The Studio Responsible For Almost Every Terrible 2024 Movie
2024 has certainly been a bizarre year for the world of cinema at large. On the one hand, you have multiple critically acclaimed box office smashes such as Deadpool & Wolverine, Inside Out 2, and Dune: Part Two, accounting for billions in combined profits. On the other hand, however, there have been a number of high-budget flops, both critically and commercially, including Borderlands, The Crow, and Francis Ford Coppola’s Megalopolis. Personally, I hadn’t made the connection to all these movie missteps until recently, when I came to realize that the studio Lionsgate is responsible for churning out nearly every terrible movie of the year thus far.
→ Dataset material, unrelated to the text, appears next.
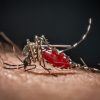 Cos’è la malaria, la ‘febbre palustre’ portata dalle zanzare che ora spaventa la Germania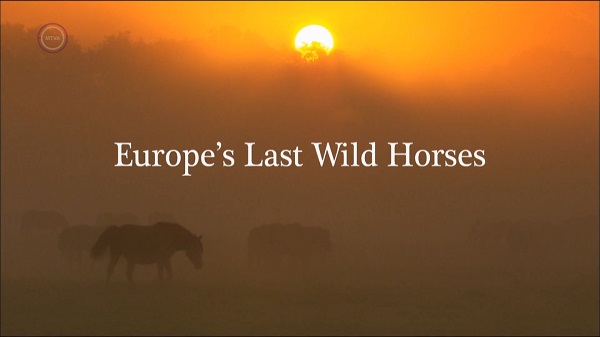 Európa utolsó vadlovai - A Dülmeni pónik (Europe's Last Wild Horses) 2011 1080p WEB-D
Lionsgate Is Churning Out Flop After Flop
A recent write-up in Variety sought to uncover the source of Lionsgate’s terrible luck at the box office, in the hopes of locating some magical through-line that connects films like Never Let Go, White Bird, and The Killer’s Game.
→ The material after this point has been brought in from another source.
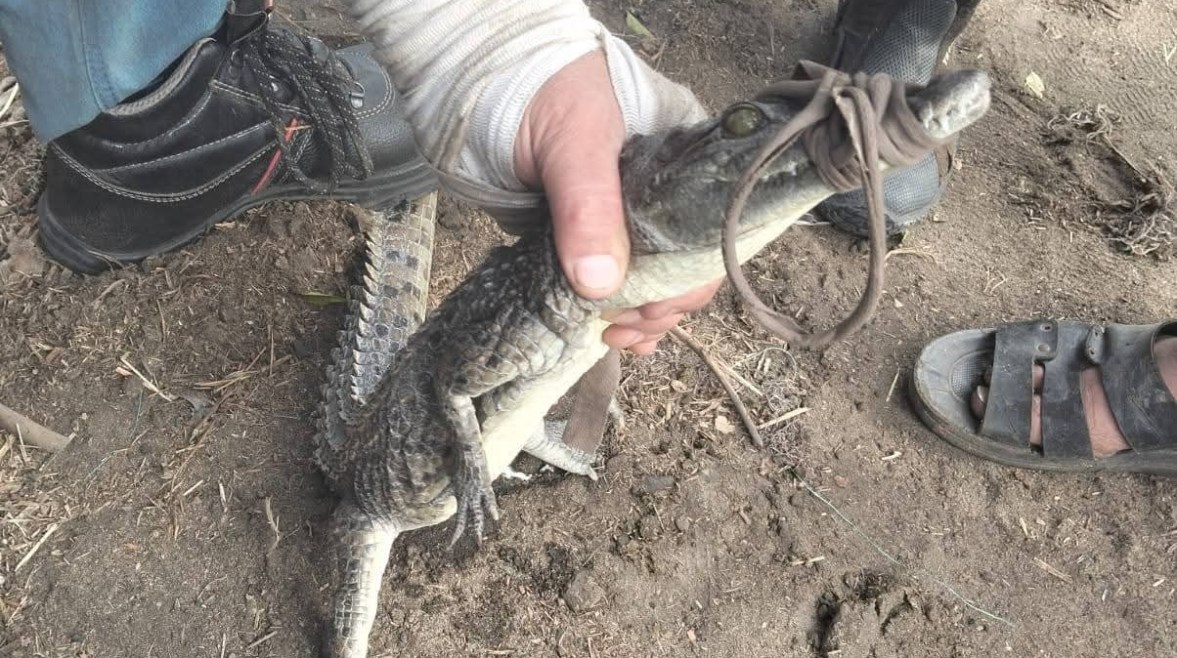 تمساح الزوامل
Needless to say, there’s no easy answer as to how Lionsgate wound up being at the center of all these flops, save for poor decision making skills from the execs behind the wheel. Even still, Lionsgate has been particularly bad this year, even amongst other studios such as Warner Bros, which have picked up a nasty habit of shelving completed movies in favor of marking them as tax write-offs.
Lionsgate’s terrible movie streak isn’t just a funny observation from a consumer standpoint either, as the consecutive failures of seven recent blockbuster attempts from the studio may say something bigger about the state of the industry.
What Went Wrong?
Hollywood is of course still recovering from the combined strikes of the WGA and SAG-AFTRA unions which raged on throughout a large chunk of 2023, meaning many of the films released this year were interrupted during production, placed on hold for months on end, or rushed to be completed during the early months of this year.
This, combined with the increased focus on artificial intelligence in modern media, has led many executives to believe that they can cut out the passionate creatives, and produce films that exist as something of a camel-by-committee.
Obviously, such a plan is destined to fail, as audiences have proven time and time again that AI has no place in writing, acting, or any other deeply human creative processes. While this doesn’t apply only to Lionsgate, the constant inability of Hollywood’s top executives to spot what makes a terrible movie before it hits the box office is an alarming sign of worse things to come.
Lionsgate’s Most Recent Bombs
How is it possible that fans from around the globe could tell that Eli Roth’s take on Borderlands was going to be a complete train wreck from the moment it landed in theaters, but Lionsgate execs couldn’t predict their losses? Even when Lionsgate tried to be careful, they completely ate it, like with the release of Coppola’s positively terrible new movie Megalopolis, which languished in development hell for nearly 40 years, and ran up a production bill of over $120 million.
Is this a case of Lionsgate decision-makers being asleep at the wheel, or did somebody actually review footage of Adam Driver demanding his partner “go back to the cluuuuub” and think “Oh yeah, we’ve got a hit on our hands with this one.”
Megalopolis may actually be a poor example, as Lionsgate is actually on pace to make money from the film, even with its terrible box office scores. This is because the studio is known to purchase the distribution rights to completed or funded films, meaning they put very little front-end investment into many of their projects. Perhaps Lionsgate can still turn things around in 2025 and beyond, before they fall so low that their projects are listed amongst bargain-bin creations from The Asylum.